To do =
Below this line is a set of entries; quote exactly the lines from the line that contains "Sticker - Elegant" to the line that contains "Bộ đầu tube", both lines included.

Given data =
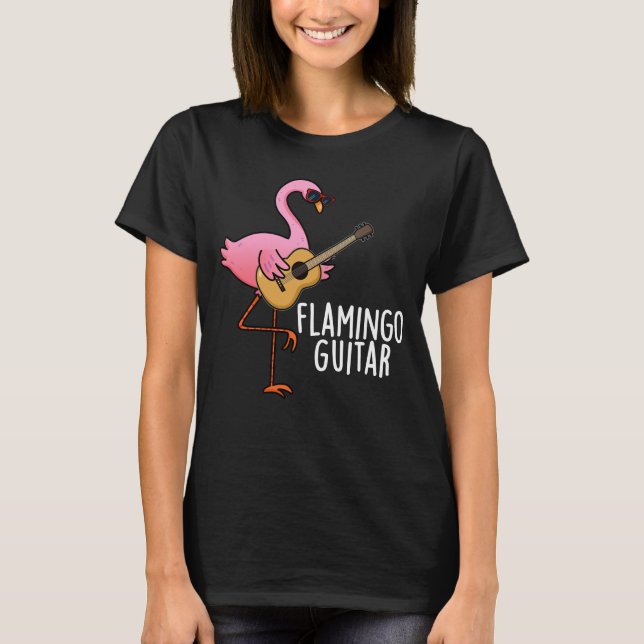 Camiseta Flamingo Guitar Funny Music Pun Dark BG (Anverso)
---
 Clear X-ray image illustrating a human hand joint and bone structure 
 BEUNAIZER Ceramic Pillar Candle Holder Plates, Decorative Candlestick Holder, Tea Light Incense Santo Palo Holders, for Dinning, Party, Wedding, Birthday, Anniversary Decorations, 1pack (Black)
---
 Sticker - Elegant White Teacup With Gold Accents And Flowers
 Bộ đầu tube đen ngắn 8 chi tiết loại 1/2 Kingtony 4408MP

Solution for this exercise =
 Sticker - Elegant White Teacup With Gold Accents And Flowers
 Bộ đầu tube đen ngắn 8 chi tiết loại 1/2 Kingtony 4408MP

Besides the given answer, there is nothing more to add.